*Directions for this task*
Leave the pictures out. Retype exactly the lines below from the one containing "Angled view of" through the one containing "A wooden box", and no others.

*Data to use*
-------
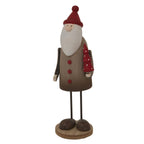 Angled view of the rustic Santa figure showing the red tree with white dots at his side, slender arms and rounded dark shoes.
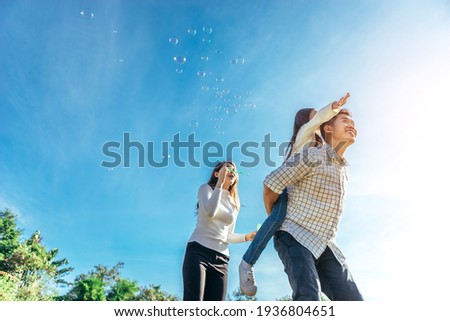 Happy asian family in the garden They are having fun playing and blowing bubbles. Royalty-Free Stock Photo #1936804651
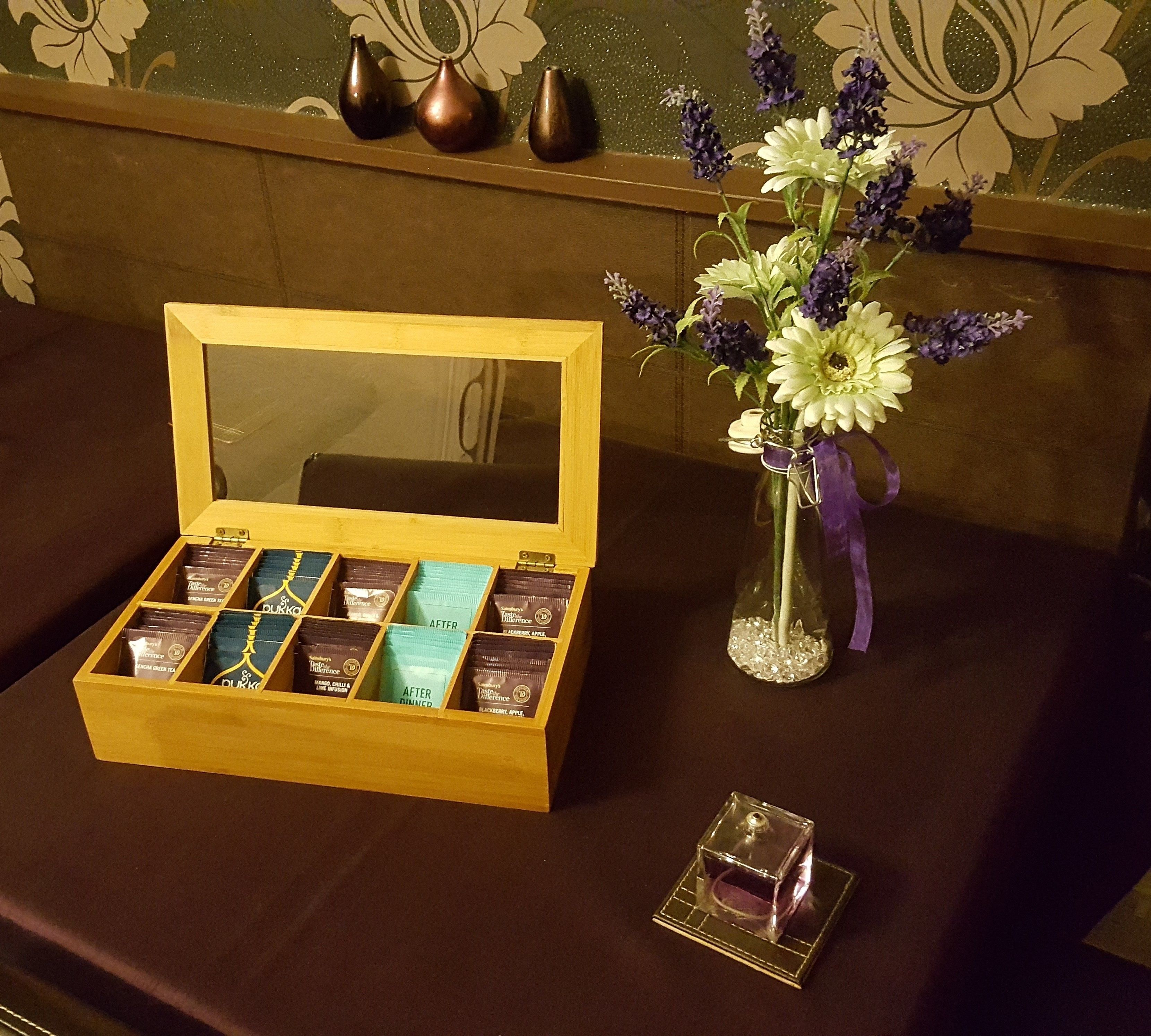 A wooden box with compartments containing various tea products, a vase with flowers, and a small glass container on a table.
-------
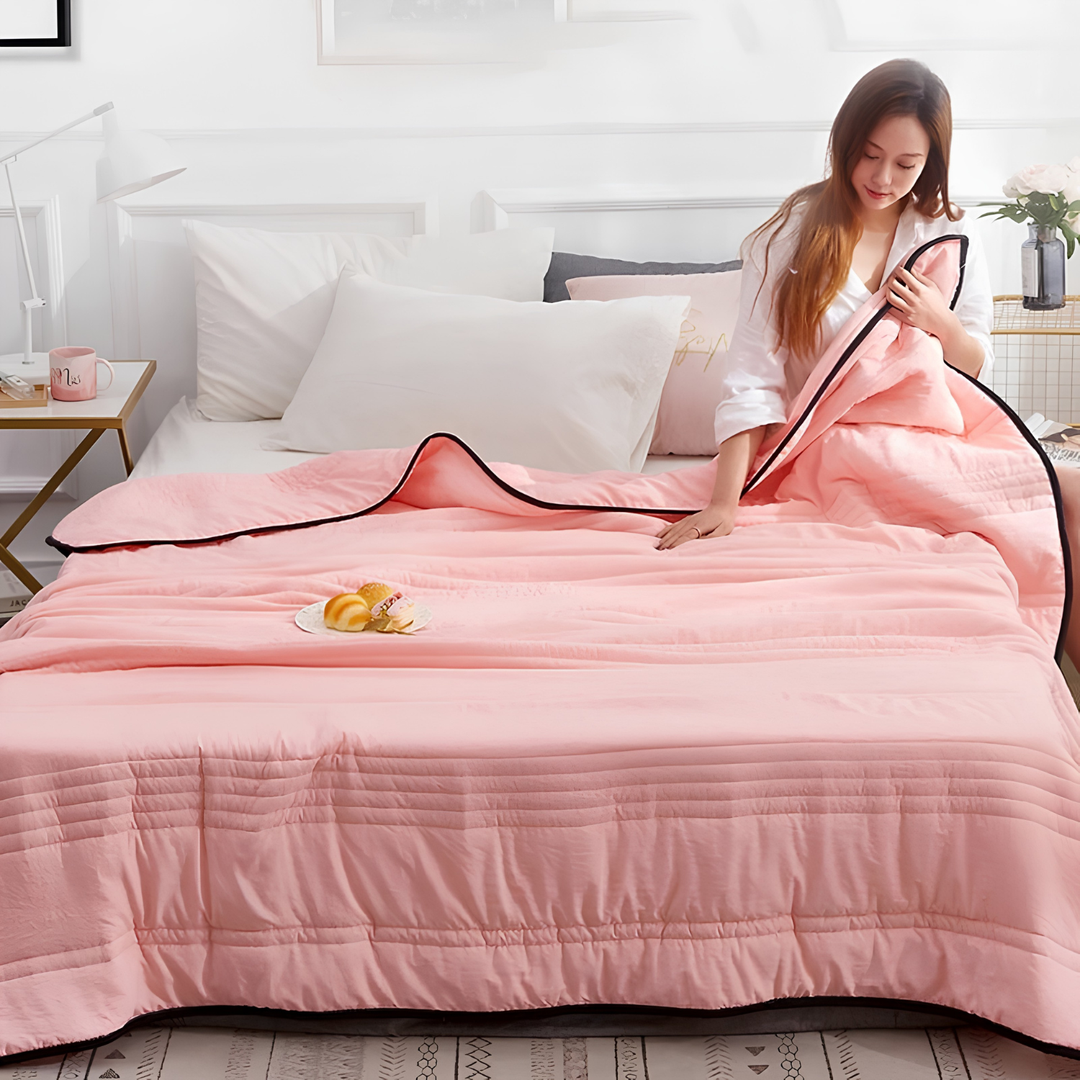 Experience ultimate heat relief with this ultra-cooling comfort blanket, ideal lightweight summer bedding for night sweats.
-------
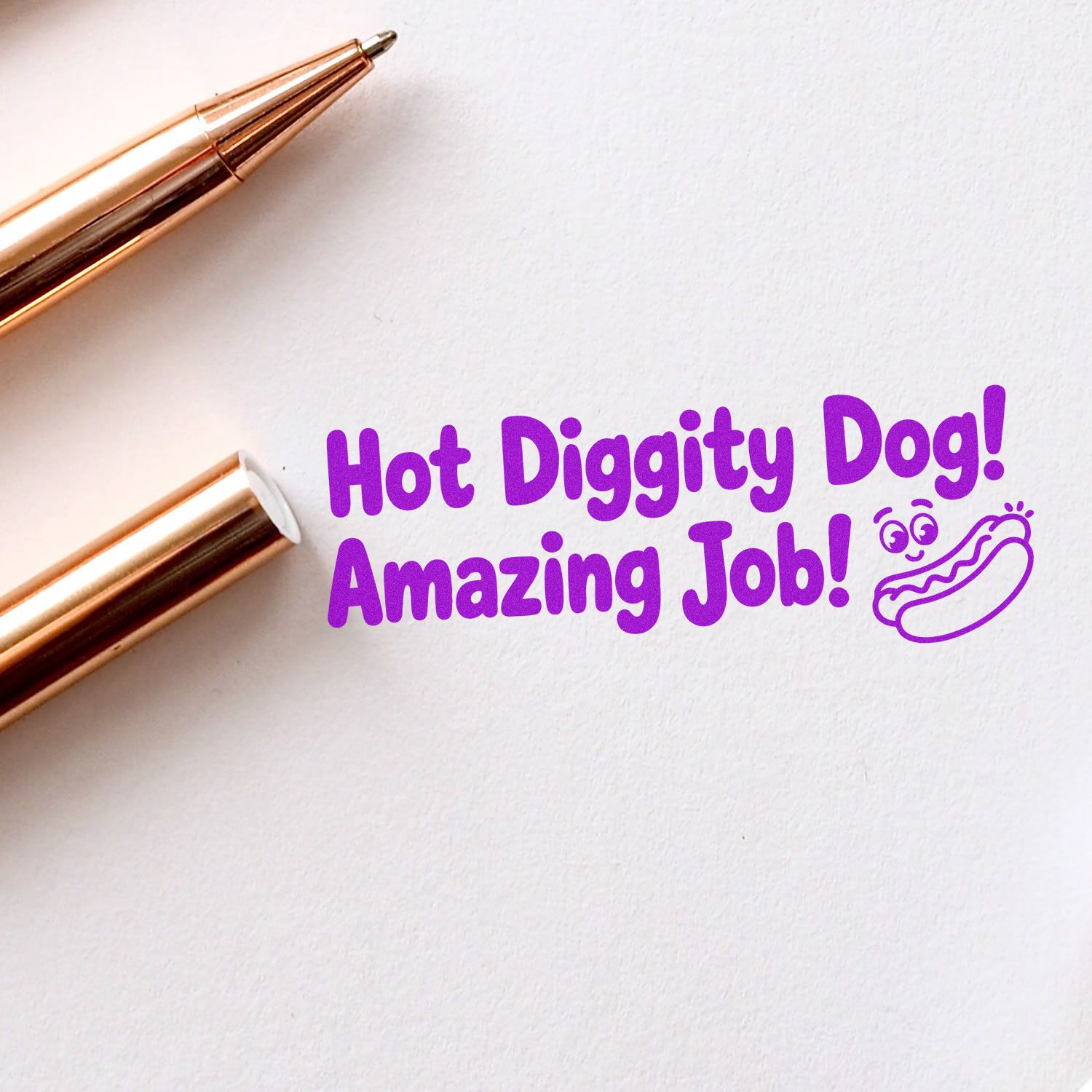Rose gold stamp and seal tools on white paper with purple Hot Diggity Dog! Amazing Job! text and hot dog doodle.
-------
*Exercise output*
 Angled view of the rustic Santa figure showing the red tree with white dots at his side, slender arms and rounded dark shoes.
 Happy asian family in the garden They are having fun playing and blowing bubbles. Royalty-Free Stock Photo #1936804651
 A wooden box with compartments containing various tea products, a vase with flowers, and a small glass container on a table.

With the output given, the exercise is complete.